Yeah. I think the stakeholders would refer to employees as well as shareholders and customers, perhaps even the community. We have a fairly significant ESG program. We're very conscious of our positioning in that space and think we're leaders in the field. I think any good CEO is probably paying attention to the stakeholders overall, and it's sort of a catch-all for being a good company. And our employees' morale is good. We pay our people well. They're based on performance. That's demonstrated by low turnover and good, excellent reviews and employee satisfaction scores. So, we don't operate a warehouse or we don't employ 2 million people. We have roughly 350 million, 350 people in our corporate offices headquartered in Miami and across the country in satellite offices. So, I think implicitly, shareholder capitalism or shareholder is always taken into account, customers.
You don't get to survive if you're not providing a value-added service to your customers. We've overlaid the ESG footprint over what we do. And then we have always worked with our employees. In fact, we were talking about today at the board meeting. We have training programs, rotational programs. We've made good progress in women and people of color in the company. Everyone can always do better, but we've significantly out-indexed our peers. So, I would say that that's more of a blanket phrase. And I think if you're performing well, and as you probably know, we're the best-performing company of our type in the 11 years we've been public, going on 12. So, I think that's demonstrated. The report card is the consistent earnings and the growth of the company. And that's really. It's sort of all-inclusive.
Great. And I would just point people. I'm sorry. I would just point people to the corporate responsibility section of our website, which is www.starwoodpropertytrust.com, where we outline all the key metrics that Barry referenced just now. Sorry, Jeff, go ahead.

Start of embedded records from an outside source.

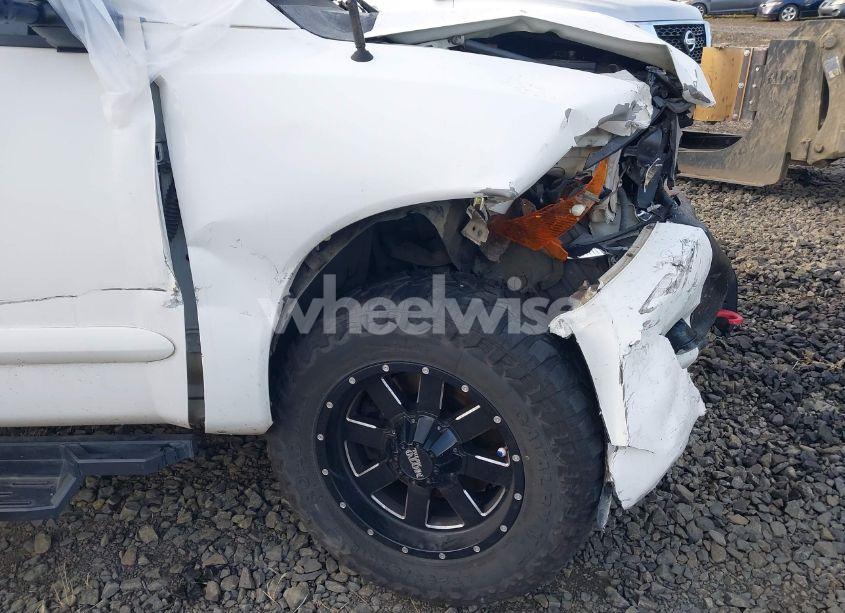 Photo 19 of 2010 Nissan Titan SE (VIN 1N6AA0EC8AN310970)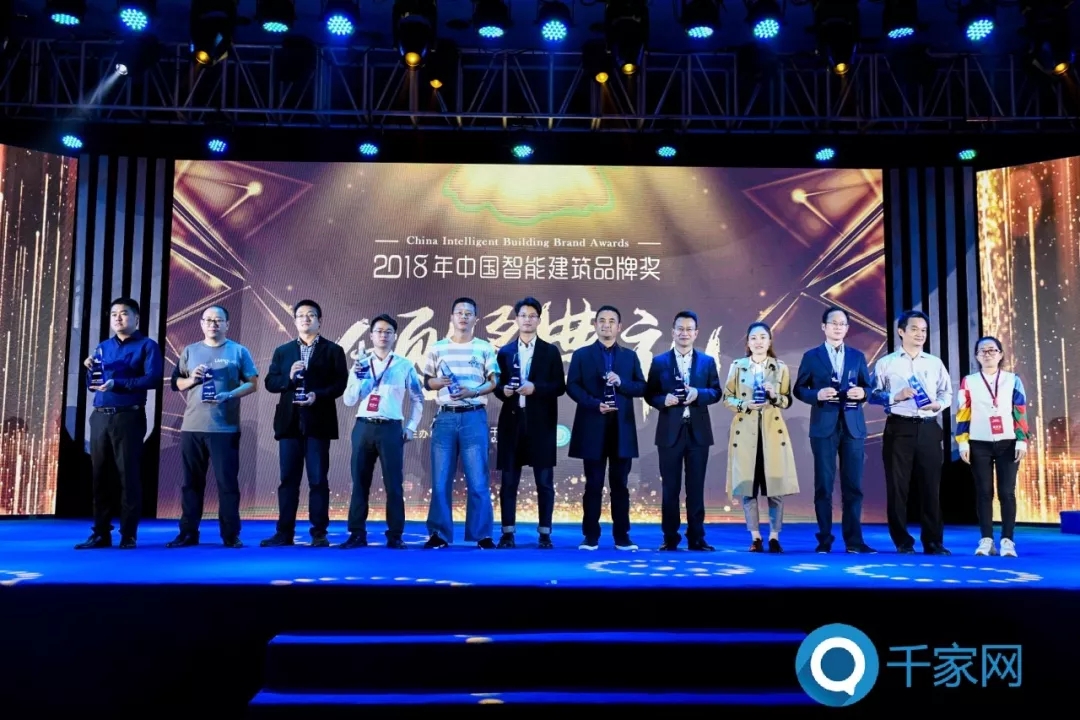 1544280697120011.jpg 640.webp (1).jpg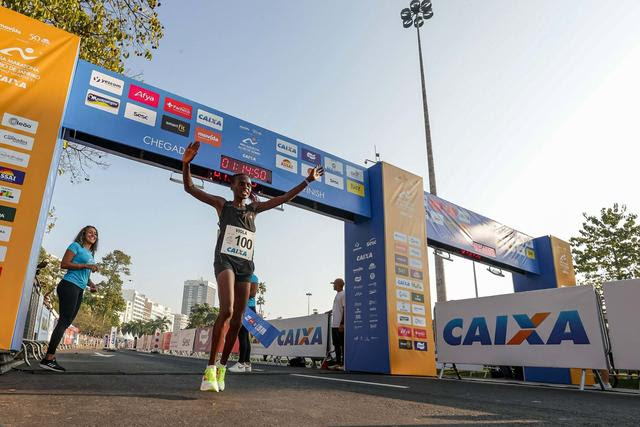 Viola Kosgei, favorita no pelotão feminino (Diogo Anhasco / Fotop)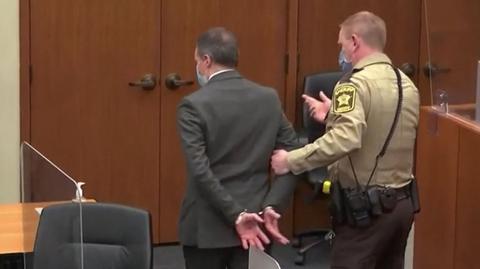 Derek Chauvin podczas procesu ws. zabójstwa George'a Floyda. Wideo archiwalne
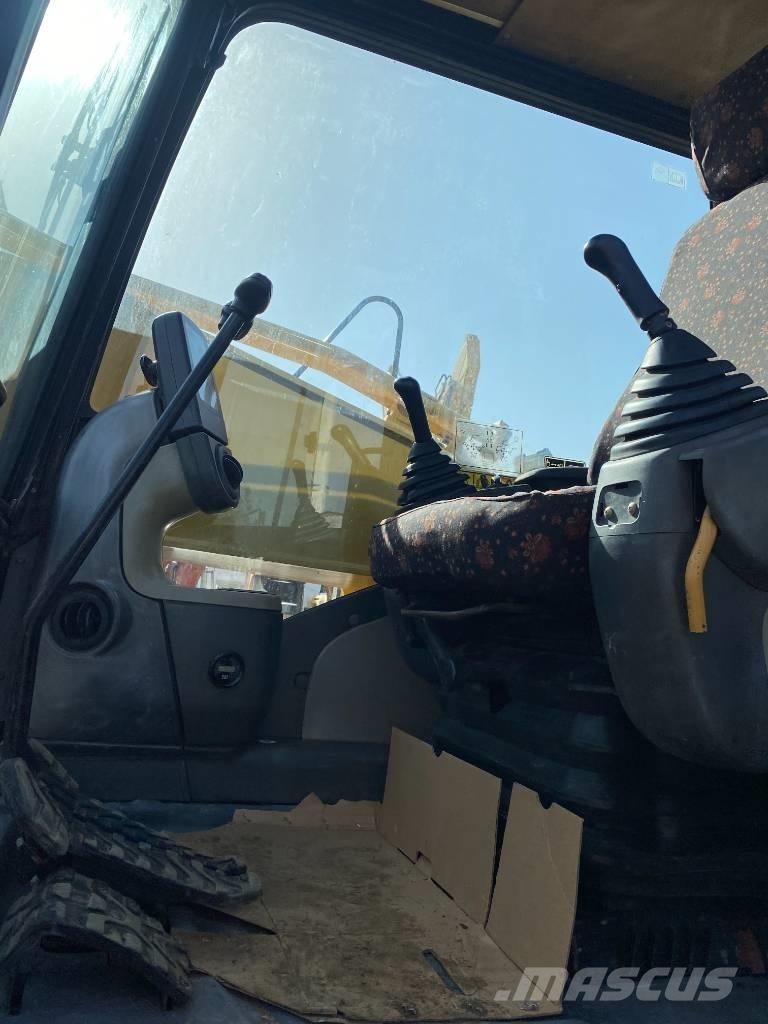 CAT 326D Rupsgraafmachines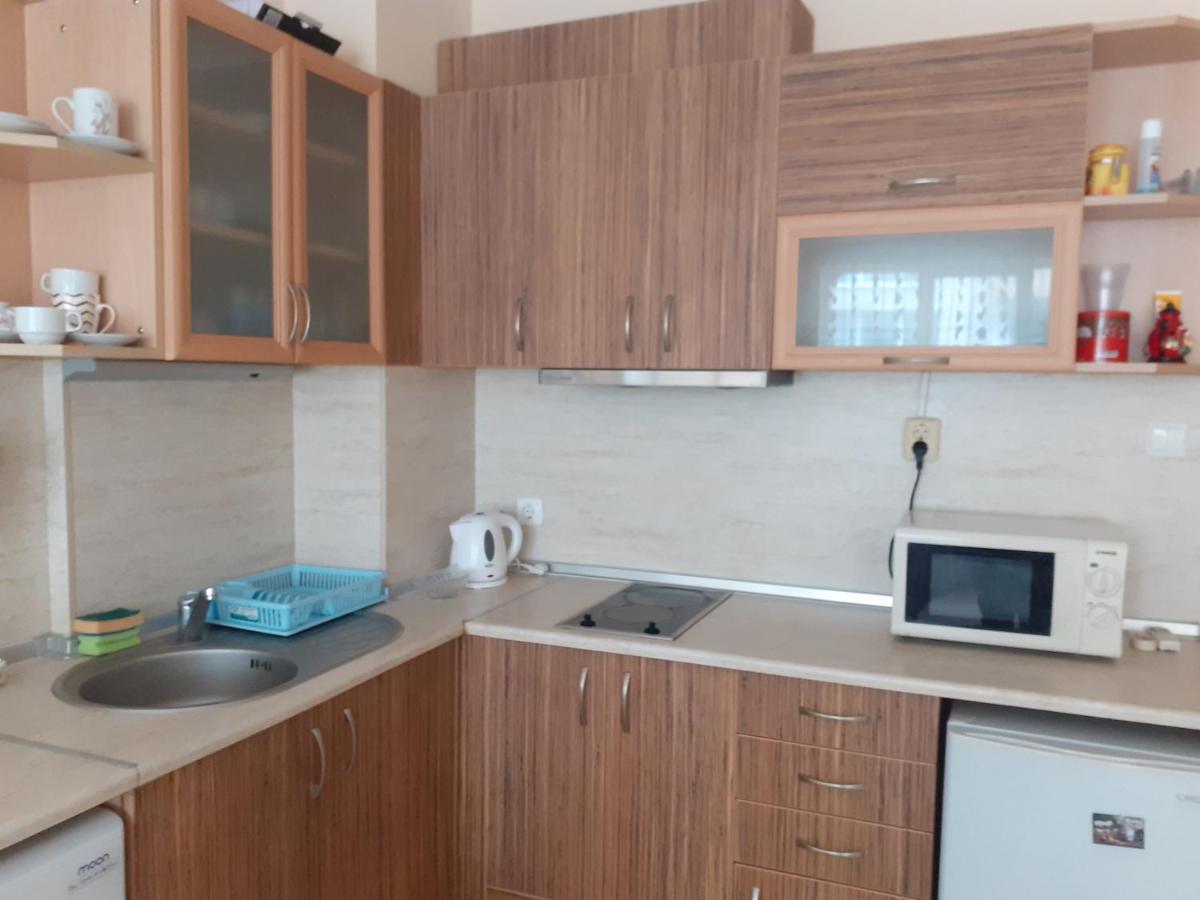Apartments Sea Sounds Pomorie Bagian luar foto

No problem. Sorry for the delay. We have two buildings in our loan book that have exposure to WeWork as a tenant, not as an owner: Anthem Row, a Class A building in Washington, DC, a 300,000 sq ft building. They occupy 66,000 sq ft, which is 15% of that single loan, and Lakeshore Towers in Irvine, California, they have 74,000 sq ft out of 323,000 sq ft, or 8% of that particular loan. In total, they are significantly less than 1% of the revenue of our large loan book, which is 54% of our overall balance sheet.
Great. Thanks, Jeff. And, Barry, with that, those are the three questions we've received.
Okay. I'd like to take this opportunity then, on behalf of the board of directors and the management team, to thank our shareholders for their continued support, and if you can't come see us in person, we'll be with you next year at the same time. Thank you very much.